Playing it, there doesn't seems to be any difference in-game, so I can't differentiate based on the content.

What make me still think it is fake is that chip at the very left side, the second largest one. Even then it looks like everything is authentic.

It looks like they ran out of a certain chip at the factory and said 'screw it' and used a different type. You can even see the lines are for the authentic one and so they just made the wires longer.

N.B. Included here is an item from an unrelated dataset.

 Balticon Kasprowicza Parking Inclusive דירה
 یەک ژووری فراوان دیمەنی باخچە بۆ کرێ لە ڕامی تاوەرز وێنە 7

Is this cartridge real or fake?

Cartridge Front Cartridge internals
Click for larger images

  • 5
    Grats on finding a working Pokémon Emerald! Apr 6, 2017 at 19:17
  • 6
    "It looks like they ran out of a certain chip at the factory and said 'screw it' and used a different type." And then went back in time and changed the design of the PCB to support both chips? Clearly, the PCB was designed to support chips of two different widths depending on what was available/cheapest at manufacturing time. Apr 6, 2017 at 20:31
  • 3
    The "(c) 2002 Nintendo" is a good sign that this is real; usually counterfeits won't have it
    – Justin
    Apr 7, 2017 at 0:50
  • 1
    @Justin Unfortunately, this isn't true anymore for two reasons. The most common is that counterfeiters can easily screen print a logo like this on their PCBs. Second, some of the more sophisticated techniques involve cannibalizing legitimate Nintendo chips, desoldering old rom chips and adding fake ones to legit boards. These guys will buy a lot of 100+ shovelware carts and replace the chips with better titles. NOTE: I've not heard of this with GBA games but I have with other systems (NES, SNES, N64). GBA is heating up so there's a moderate chance that this will happen soon to GBA carts too.
    – RLH
    Apr 7, 2017 at 14:43
  • 1
    Correction, I wish I'd saved the pictures but a few months ago I was part of a discussion on a forum regarding a specific eBay sell of a Shantae cart for the GBC. IIRC, the cart actually had a couple of later date stamps on the PCB than when the game was released. It was an amazing forgery and only those with experience and knowledge could spot the fake.
    – RLH
    Apr 7, 2017 at 14:45

3 Answers 3


This appears to be a legitimate card with a newer (SRAM) chip.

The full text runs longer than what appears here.